The slightest rise in the barometer outside, and his turbulence
smoothed into a whirl of coordinated activity, while a stillness
developed within. Under maximum pressure, Roosevelt was sunny,
calm, and unnaturally clear.”
One president who seemed genuinely unable to contain his anger
was Harry Truman, and it cost him. It was one thing when Truman
chewed out the Soviet ambassador—supposedly telling him,
when he protested such treatment, “Carry out your agreements
and you won’t be spoken to that way!”—or when
he fired nasty barbs in the direction of Bernard Baruch, John
L. Lewis, and Drew Pearson. It was another when he accused the
Marine Corps of having “a propaganda machine that is almost
equal to Stalin’s”—or when, in December, 1950,
he wrote an almost comically nasty letter to the Washington Post’s
music critic, Paul Hume.
“Some
day I hope to meet you,” Truman warned Hume, who had dared
to give daughter Margaret Truman’s recital a bad review.
“When that happens you’ll need a new nose, a lot of
beefsteak for bad eyes, and perhaps a supporter below!”
Never
before had a sitting president threatened to knee a music critic
in the groin. This was just the sort of outburst we now cherish
about Harry Truman, but it did not go over so well at the time,
once the Washington News printed the letter on its front
page.
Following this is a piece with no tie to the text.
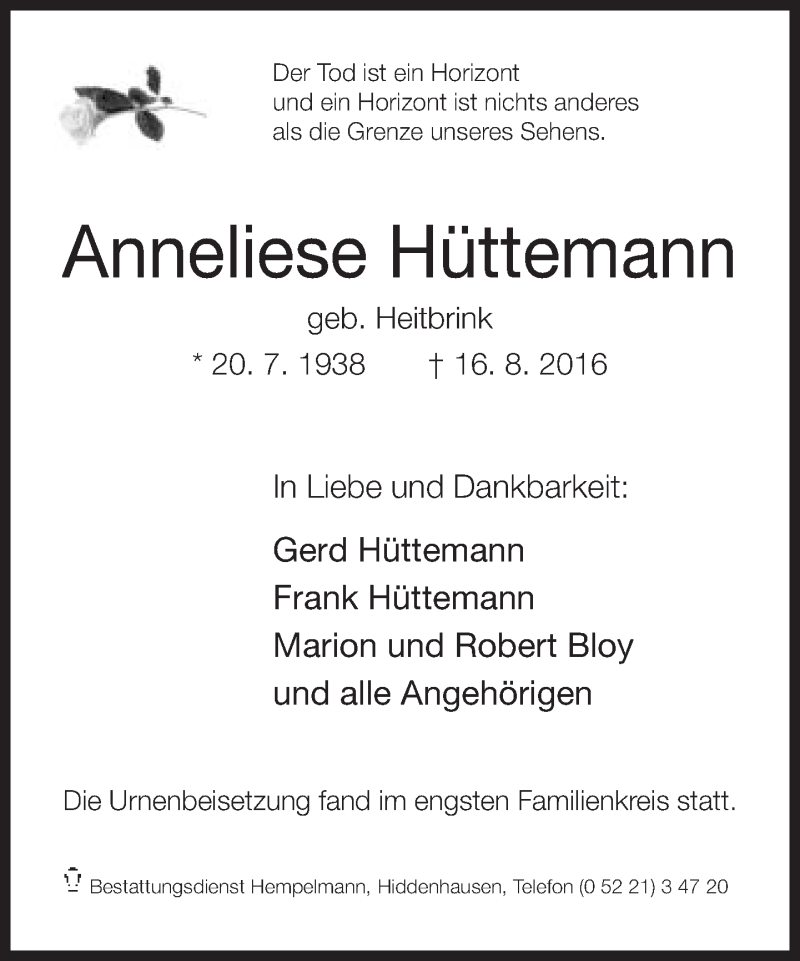  Traueranzeige für Anneliese Hüttemann vom 27.08.2016 aus Neue Westfälische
The U.S. was enmeshed in the worst stage of the Korean War
at the time, our troops being pushed back by the Chinese onslaught,
and millions of worried American mothers and fathers were in no
mood to sympathize over Margaret’s professional travails.
Letters poured into the White House, denouncing Truman as “uncouth,”
“common,” and even mentally unstable.
Yet
Paul Hume himself had tried to keep the letter from being published,
and was cognizant of the fact that Truman had recently endured
the death of his lifelong friend and press secretary, Charlie
Ross. Hume announced that he had voted for Truman and supported
him still, adding “I can only say that a man suffering the
loss of a friend and carrying the burden of the present world
crisis ought to be indulged in an occasional outburst of temper.”
What
better proof that Americans will tolerate the hottest temper,
so long as they believe it is wielded on our behalf?